Shoot CaptG a PM. He would be able to answer any carbon fiber questions.


----------



## MarkD (Oct 27, 2011)

glycerine said:


> I believe those who make carbon fiber blanks usually use carbon fiber sleeves. Are you talking about trying to use some that has already been hardened into a tube? I don't see why you couldn't if you can find the right size, but it's probably easier to wrap a pen tube and THEN cast it like others are doing...


The customer wants to be able to feel the actual carbon fiber rather than the resin. 
I see that I can purchase carbon fiber tubing in various sizes. I'm not sure how it would be to work with this stuff, our how it would look after some use.


----------



## MarkD (Oct 27, 2011)

Buzzzz4 said:


> Shoot CaptG a PM. He would be able to answer any carbon fiber questions.


That's a good idea.
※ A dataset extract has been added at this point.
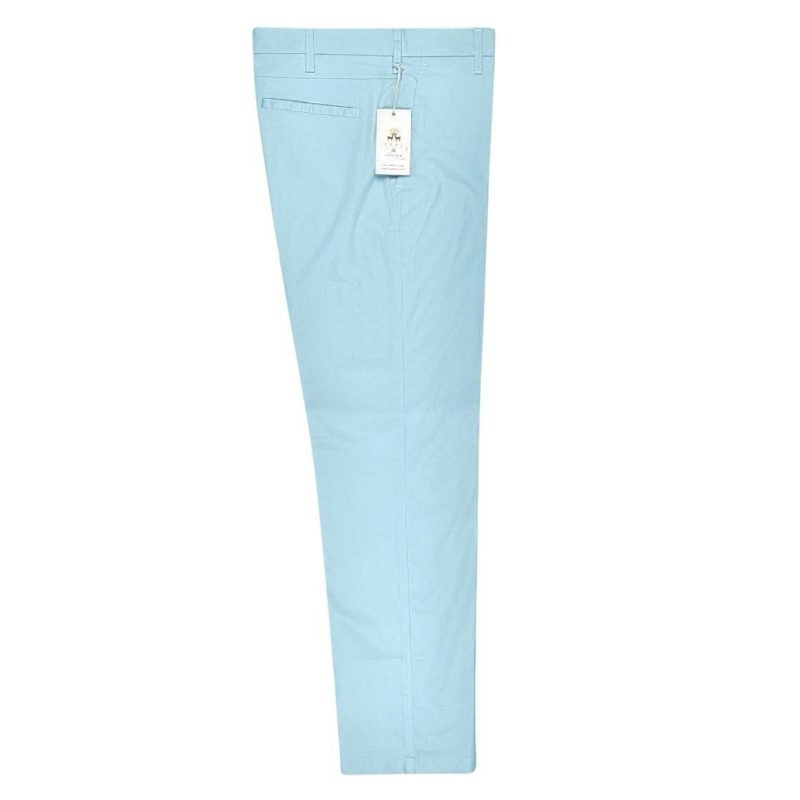 Sta-Press Trousers from Real Hoxton, Sky Blue - Image 2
Thanks


----------



## glycerine (Oct 27, 2011)

MarkD said:


> glycerine said:
> 
> 
> > I believe those who make carbon fiber blanks usually use carbon fiber sleeves. Are you talking about trying to use some that has already been hardened into a tube? I don't see why you couldn't if you can find the right size, but it's probably easier to wrap a pen tube and THEN cast it like others are doing...
> ...


 
If the carbon fiber is hardened, then it will be hardened with some type of resin.  If you buy tubes, you still wouldn't "feel" the carbon fiber because it has already been hardened with a resin.  If you buy sleeves, then you could glue some over a finished pen, but I don't think that would work out so well (the sleeves are simply the woven material).  Now you could still put a small amount of finish OVER the carbon fiber, but you still wouldn't be feeling the carbon fiber itself, but rather the texture... maybe that's what they are looking for is the texture rather than a smooth, glossy surface.


----------



## glycerine (Oct 27, 2011)

Oh, also it depends on if they are looking for the woven "cloth" or just fiber strands.  Alot of the rods and tubing that I have seen are just strands hardened with resin, whereas the sleeves are woven in a cylindrical shape...


----------



## Mike D (Oct 27, 2011)

I can tell you that you should have a very good respirator and use it when cutting or machining carbon fiber. There are a lot of people that were in the aerospace industry that worked with carbon fiber without respirators and most are no longer with us.


----------



## btboone (Oct 27, 2011)

Tell him he really doesn't want to feel the cloth. Imagine 10,000 tiny splinters every time he picks it up and puts it between his fingers. The fibers are so tiny and stiff, that it's not far from the truth. They are tiny and easy to breath in as well. Mixing resin around those fibers is nothing less than a disaster for the uninitiated. Avoid that option at all costs.


----------



## MarkD (Oct 27, 2011)

After doing some more research and reading your comments I'm going to give the guy call tomorrow and tell him I recommend going with the carbon fiber cast in resin blanks.

Thanks for your comments and suggestions


----------